If you run a local tavern or casual restaurant that sells a lot of chicken wings, you can always emphasize some of your other offerings to help combat the current sharply increasing price of wings from suppliers.

But, what if you run a chain that emphasizes wings in the name, the logo and on the menu? That's the problem facing Buffalo Wild Wings, which has a store in Clifton Park.

The company has reported that record-high chicken wing prices cut into its profit margins for much of 2012. In response, it has worked out a new menu pricing system for this year that is being eagerly watched by competitors as well as independent restaurateurs who pay attention to the big boys' marketing moves.

In other words, don't be surprised if the Buffalo changes eventually are reflected in service and pricing of wings at your favorite local haunt. 

“We faced challenges last year, but we maintained a disciplined approach to ensure our long-term success,” chief executive Sally Smith said during a fourth-quarter earnings call with analysts. “Even as we dealt with higher-than-expected cost of sales, we continued to invest in our future success.”

Food costs rose 2.6% from a year earlier to 32% of sales in the fourth quarter, driven by a 70% increase in the brand’s cost-per-wing from a year earlier. Traditional wings cost $2.07 per pound, an increase of 65 cents from the prior year, but larger wings also yielded fewer wings per pound, she said. For the first two months of 2013’s first quarter, wings are averaging $2.13 per pound. Fourth-quarter labor costs also rose slightly, by 0.3% from a year earlier.

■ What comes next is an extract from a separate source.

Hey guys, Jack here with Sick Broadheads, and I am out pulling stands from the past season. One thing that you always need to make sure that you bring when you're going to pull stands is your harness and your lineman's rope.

According to a report in the trade publication Nation's Restaurant News, the chain’s test of a new pricing system, which serves wings in variable-size portions based on weight rather than a fixed number of wings, is in place at 64 locations, including both company-owned and franchised units. Instead of emphasizing the number of wings in each order, according to Smith, orders might be described as “single, double and triple” or “snack, platter and meal.”

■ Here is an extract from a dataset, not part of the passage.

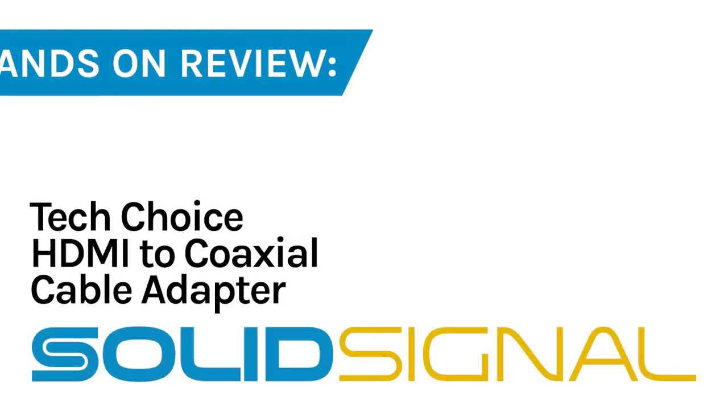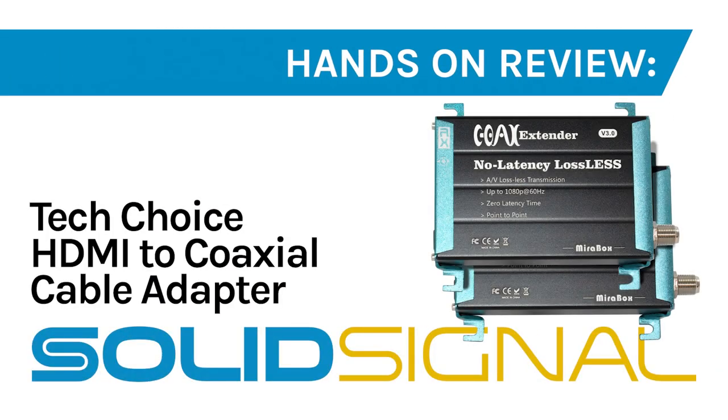These devices won't solve every problem that you've got, but they will solve this one problem that we've all had for a long time. I'm really glad about that, and I hope that you will check them out and buy a couple for yourself at SolidSignal.com.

Buffalo Wild Wings is expected to make a final decision on the pricing structure some time in the second quarter of the year, just ahead ahead of a new menu rollout set for August.

The chain did not increase menu prices early last year, when 2012’s record-high wing costs followed record lows from 2011,but by the third quarter, “there was no other way to cover the cost of the product,” Smith said. The brand ended up taking about 6% of pricing increases for all of 2012.